How Two-Phase Commit Works

The protocol involves a coordinator (the node managing the transaction) and multiple participants (the nodes holding the data). It unfolds in two phases.

Phase 1: Prepare (The Vote)

1. The coordinator sends a PREPARE message to every participant.

2. Each participant executes the transaction locally, acquires locks, writes undo/redo information to its write-ahead log, and ensures it can commit if asked.

3. Each participant responds with YES (I can commit) or NO (I cannot).

4. This is the critical moment: once a participant votes YES, they have made a binding promise. It cannot unilaterally back out.

Phase 2: Commit or Abort (The Decision)

1. If every participant voted YES, the coordinator writes a COMMIT record to its log and sends COMMIT to all participants.

2. If any participant voted NO, the coordinator sends ABORT to everyone.

3. Each participant executes the decision, releases its locks, and acknowledges back to the coordinator.

In the normal case, this takes 2 network round-trip messages and 3N messages for N participants (N prepare messages, N votes, N commit/abort messages). In a same-datacenter deployment, this adds roughly 2-5ms of overhead per transaction.

The Trade-Off: Blocking

Every engineering decision has a cost. For 2PC, the cost is the potential for blocking.

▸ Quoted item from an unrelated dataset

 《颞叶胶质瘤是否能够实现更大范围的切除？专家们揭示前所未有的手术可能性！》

Consider this scenario: all participants vote YES in Phase 1. The coordinator receives every vote and decides to commit. But before it can broadcast that decision, it crashes.

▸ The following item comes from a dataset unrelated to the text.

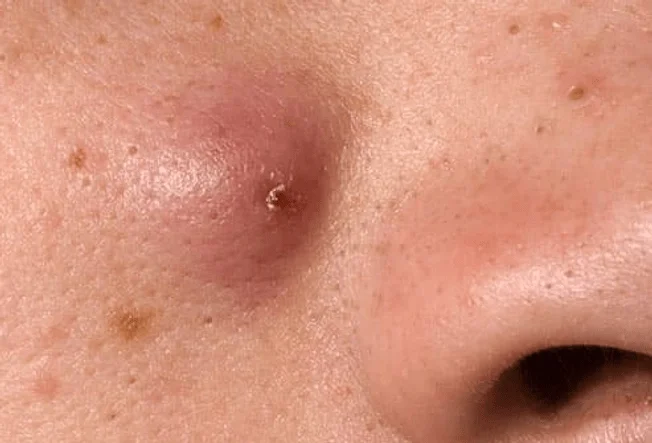 Inflammatory acne- nodules- type of acne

Now the participants are stuck. They voted YES, so they surrendered their right to abort. But they never received the commit message, so they cannot commit either. Their locks are secured. Their resources are frozen. They must wait indefinitely for the coordinator to recover.

This is not a theoretical concern. It has been formally proven by Bernstein, Hadzilacos, and Goodman that no commit protocol can simultaneously handle arbitrary failures *and* allow independent recovery. Blocking is baked into the math.

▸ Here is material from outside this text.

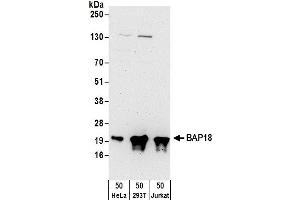 anti-Chromosome 17 Open Reading Frame 49 (C17orf49) (AA 122-172) antibody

The dangerous window is typically very short (on the order of milliseconds in a healthy system). But when a coordinator failure coincides with that window, cascading lock contention can bring down significant portions of a database.

Why Not Three-Phase Commit?

Three-Phase Commit (3PC), proposed by Dale Skeen in 1981, adds an intermediate “pre-commit” phase to eliminate blocking. In theory, it works. In practice, 3PC assumes a fail-stop model with no network partitions. Real networks have partitions. This means 3PC can violate safety guarantees in production environments.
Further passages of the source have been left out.